You see, the Philippines is the location of the animated film, a welcome convergence for the many passionate “Gundam” fans in the country. Produced by Bandai and animation studio Sunrise, “Hathaway” was to be released in Japan on July 23, 2020 and is the latest installment in the canonical Universal Century (UC) continuity, where the Earth Federation Space Force (EFSF) is fighting a war against the spacenoids of the Republic of Zeon, or iterations thereof.

The first film is set mostly in a future version of Davao—in the Gundam timeline of UC 105. Directed by Shuko Murase, “Hathaway” is the first of a film trilogy based on “Mobile Suit Gundam: Hathaway’s Flash,” a line of light novels written by “Gundam” creator Yoshiyuki Tomino that ran in the Kadokawa Shoken manga from 1989 to 1990. The events of “Hathaway” happen between the film 1988’s “Mobile Suit Gundam Char’s Counterattack” and 1991’s “Mobile Suit Gundam F91.”

“Hathaway” begins 12 years after “Counterattack.” In the first part of “Hathaway,” a shuttle carrying Federation officials is hijacked by alleged terrorists from the Mafty organization, but are repelled by passenger Hathaway Noa and Federation officer Kenneth Sleg. The damaged shuttle has to land in the Federation base in Davao, Sleg’s destination as he is set to take over the mobile suit unit there. Sleg doesn’t realize that the man his task force is tasked to hunt down—the mysterious Mafty Navue Erin—is Hathaway himself.

This is further complicated by the fact that Hathaway is the son of Bright Noa, one of the most noble characters in the original “Mobile Suit Gundam” from 1979. This is the beginning of a series of furious robot battles, covert operations and personal conflicts. The show features very stylized mecha designs from “Hades Project Zeorymer’s” Moriki Yasuhiro. In short, they’re quite crazy, especially the Penelope Gundam, which doesn’t even sound like any Gundam before. But Murase delivers with kinetic robot battles and engaging espionage. The animation is amazing, up to par with that of “Mobile Suit Gundam Unicorn” and its sequel “Mobile Suit Gundam Narrative.” •In fact, one of the most interesting parts of “Hathaway” happens when a mobile suit battle breaks out in the middle of the city—but is seen from Hathaway’s point-of-view, showing how terrifying such encounters can be at ground level, collateral damage and all.

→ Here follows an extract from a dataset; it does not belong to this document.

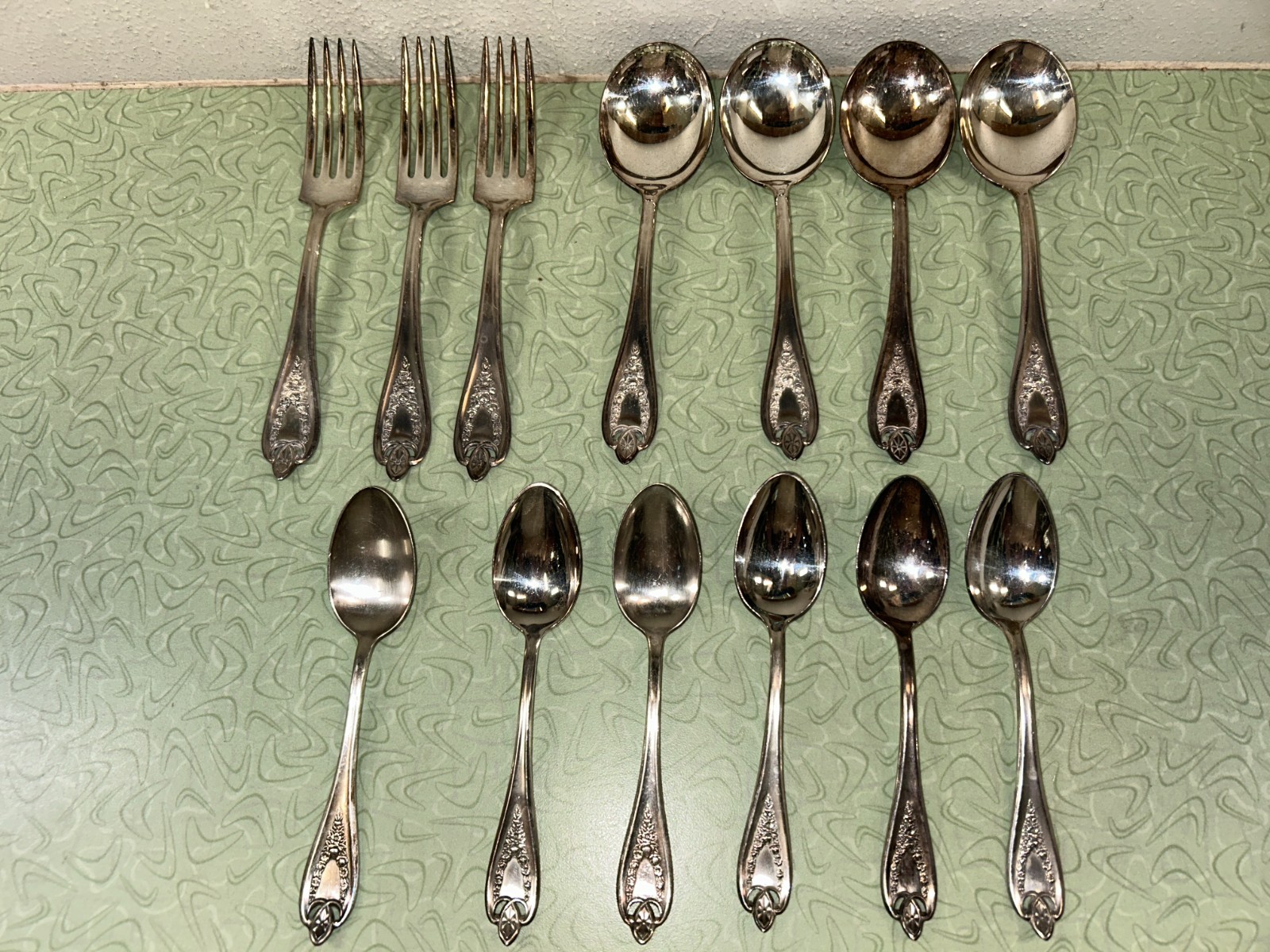1847 Rogers OLD COLONY 1911 Colonial style 13 Pieces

You don’t need to know all the “Gundam” backstory to appreciate “Hathaway,” you just have to keep up, because it runs at a pretty relentless pace story-wise, thanks to Murase and composer Hiroyuki Sawano. But like any “Gundam” property set in the UC, there is a lot of background that is necessary to truly appreciate the significance of “Hathaway.” This is particularly important considering the behavior of Hathaway (and the late, unlamented Quess) in “Char’s Counterattack.” It is, however, a great jump-on point for possible new fans for the “Gundam” franchise, maybe Filipino fans who have yet to discover his venerable science fiction property.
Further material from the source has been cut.